Clichés often contain some truth; the well worn stereotype of the British as people who don’t much like children is, sadly, just. We hardly needed last week’s report from Unicef on the wellbeing of children in rich countries to tell us that we neglect our own quite shamefully. If neglect is abuse, then we are a nation of child abusers, both rich and poor. The children of the well-off suffer mildly from affluent neglect; the children of the poor suffer much more from the ordinary kind. They have no one to come home to, no one to look up to, nowhere to go except to hang out in the street.

Although I have some serious reservations about the report, the overall picture is so conclusively bleak, as far as a minority of British children goes, that we must accept some of its conclusions. In overall wellbeing, British children are the worst off in a list of 21 rich countries, and they are worst off, too, in the individual categories of relationships, behaviour and subjective wellbeing. Life is lonely, scary, unhealthy and dangerous for a large minority of British children.

Only 65% of British children eat the main meal of the day with their parents several times a week; thrown upon the company of other youngsters, only 42% of British children find them “kind and helpful”. In a survey by Britain’s National Family and Parenting Institute, quoted in the Unicef report, only 65% of children said they felt their parent(s) made them feel loved and cared for and only 76% said their parent(s) were always there when they needed them.

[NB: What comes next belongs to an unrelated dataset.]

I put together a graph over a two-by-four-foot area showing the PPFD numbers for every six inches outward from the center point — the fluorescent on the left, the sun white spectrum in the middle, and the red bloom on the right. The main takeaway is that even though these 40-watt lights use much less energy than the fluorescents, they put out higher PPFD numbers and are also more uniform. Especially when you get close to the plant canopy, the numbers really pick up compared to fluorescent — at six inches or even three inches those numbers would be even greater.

That makes a quarter or more of children who feel uncared for and neglected. When it comes to having an orderly, healthy breakfast before school, only about half of British secondary pupils say they get any. They may have been lying to shock the pollsters, but if not that means nearly half of all British parents cannot be bothered to ease their children into the day with breakfast.

Not surprisingly, British children are way ahead of others in the rich world in what are called risk behaviours. In plain English this means smoking, binge drinking, underage sex, eating junk food, obesity, teenage pregnancy, bullying, fighting and getting into trouble. In some cities the children are becoming feral. The recent shooting dead of two 15-year-old boys in the hellish estates of south London are the extreme manifestation of this terrible neglect.

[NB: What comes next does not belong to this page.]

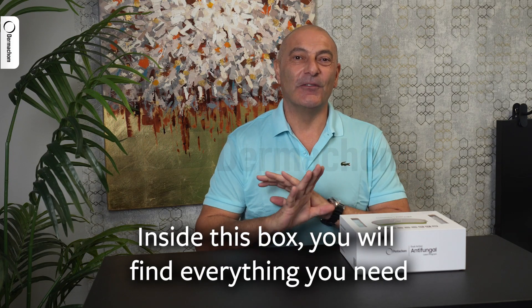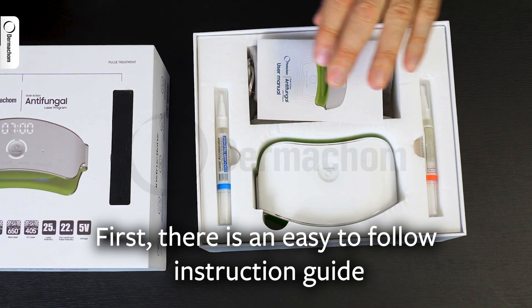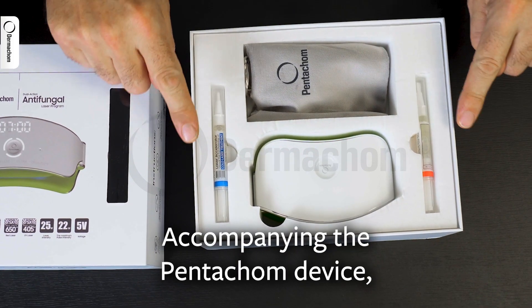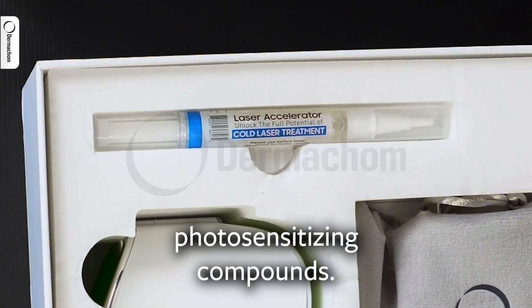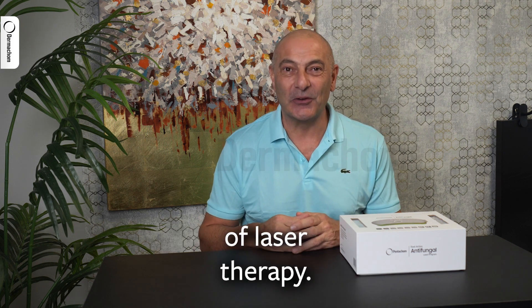Inside this box, you'll find everything you need for a revolutionary nail fungus treatment. First, there's an easy-to-follow instruction guide to ensure safe and effective use. Accompanying the Pentacom device, there are two treatment pens filled with potent photosensitizing compounds, specially designed to amplify the power of laser therapy.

What stands out from the Unicef report is that in this country parents either do not care enough about children to make time for them, or they cannot afford to make time for them. With high numbers of single parents and stepparents, with high numbers of irresponsible and absent fathers and full-time working mothers, that is understandable. All these things impose tremendous stresses on parents. Children get pushed out of their rightful time and place in their parents’ lives, more so here than in the rest of Europe. What can be done?

It would be a start to enable — if not to force — parents to spend more time with their children. It seems blindingly obvious that this government’s policy of driving as many women out to work as possible is counterproductive. The only acceptable reason for doing so is to control the welfare queens, who think having lots of babies will win them a meal ticket for decades — and that could surely be dealt with differently.

Most women want to stay home with their babies. Only 6% want to work full time and all mothers know that childcare is an expensive lottery. Yet 55% of working women are in full-time jobs. It is nonsense to shift money about to provide “affordable childcare”, which is neither good nor affordable; it is less good than what most mothers provide themselves and it costs more, all in, than letting her stay at home.

The result is that working mothers are harried and tired, especially if they are single, and short of the time their children — and their wider families — need. Part of the reason for so many women working such long hours, against their real wishes, is the high cost of housing. That is the root of many social evils and there is no question that a big housebuilding programme must be a top priority for the next government.

It also seems obvious to me that fathers should be held firmly accountable for their children, as David Cameron argued on Friday. I believe that process should start with dismantling the crazy benefits system which makes a man substantially better off — cash in hand at the end of the week — if he abandons his wife or girlfriend, and which enables a feckless never-married girl to be just as well off as a respectable abandoned wife or quasi-wife. Unfortunately the government has proved quite unable to run the Child Support Agency and there seems little reason for optimism about this.

What is needed — and it is something governments cannot and should not try to engineer — is cultural change. We need a lot more of what John Stuart Mill called moral disapprobation; these days it is called stigma. It is a good thing to show disapproval, even anger. It is wrong for men to abandon their children. It is wrong for a girl to have a baby without having another parent for it. It is wrong to have children whom you cannot afford to support. It is wrong to neglect your children, to fail even to give them breakfast and make sure they get to school.

In the past 30 years there has been a general horror of being judgmental, but why? These actions, wrong in themselves because they cause suffering to children, are also wrong because they cause serious social problems for the rest of us. Society should express disapprobation, forcefully.

Governments can follow in expressing such disapproval. They could deny irresponsible single mothers the privilege of independent housing and offer them educational care hostels only. They could try punishing irresponsible fathers in their pockets. They could order schools to provide after-school exercise and clubs and hobby groups, every day, year round. They could give massive tax breaks to stay-at-home mothers and to marriage. They could support charitable mentoring schemes.

Above all, they could scrap the laws that terrify responsible adults out of trying to control other people’s children. All this does, however, involve being judgmental so I don’t suppose it will happen.